-
Type:
Bug
-
Status: Resolved
-
Priority:
Major
-
Resolution: Incomplete
-
Affects Version/s: 2.1.0, 2.2.0
-
Fix Version/s: None
-
Component/s: SQL
-
Labels:
If you create a table in Spark sql but then you modify the table in hive to add a column, spark sql doesn't pick up the new column.
Basic example:
t1 = spark.sql("select ip_address from mydb.test_table limit 1") t1.show() +------------+ | ip_address| +------------+ |1.30.25.5| +------------+ t1.write.saveAsTable('mydb.t1') In Hive: alter table mydb.t1 add columns (bcookie string) t1 = spark.table("mydb.t1") t1.show() +------------+ | ip_address| +------------+ |1.30.25.5| +------------+
It looks like its because spark sql is picking up the schema from spark.sql.sources.schema.part.0 rather then from hive.

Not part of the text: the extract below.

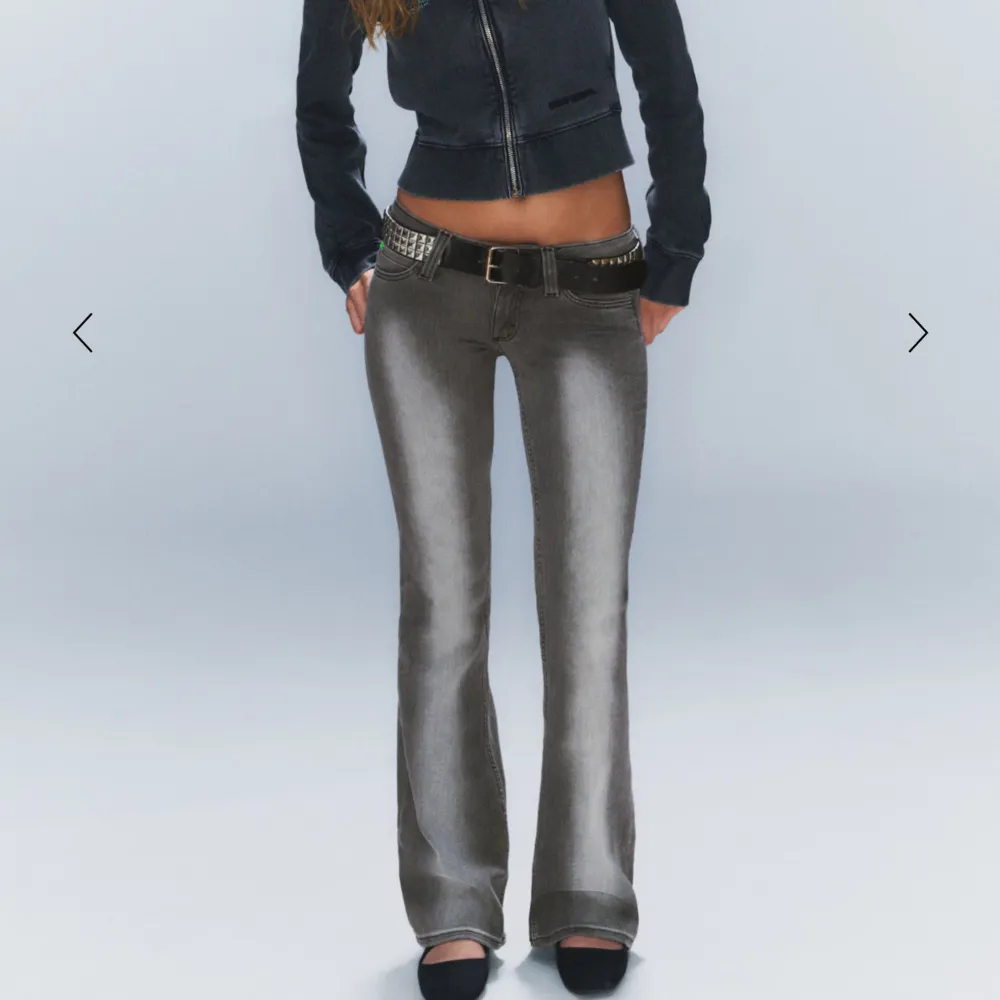 Snygga grå bootcut jeans med en klassisk femficksdesign. De har en låg midja och en lätt tvättad look som ger en cool vintagekänsla. Dem är slutsålda på hemsidan, och dem är i nyskick.. Farkut & Housut.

Interestingly enough it appears that if you create the table differently like:
spark.sql("create table mydb.t1 select ip_address from mydb.test_table limit 1")
Run your alter table on mydb.t1
val t1 = spark.table("mydb.t1")
Then it works properly.
It looks like the difference is when it doesn't work spark.sql.sources.provider=parquet is set.
Its doing this from createDataSourceTable where provider is parquet.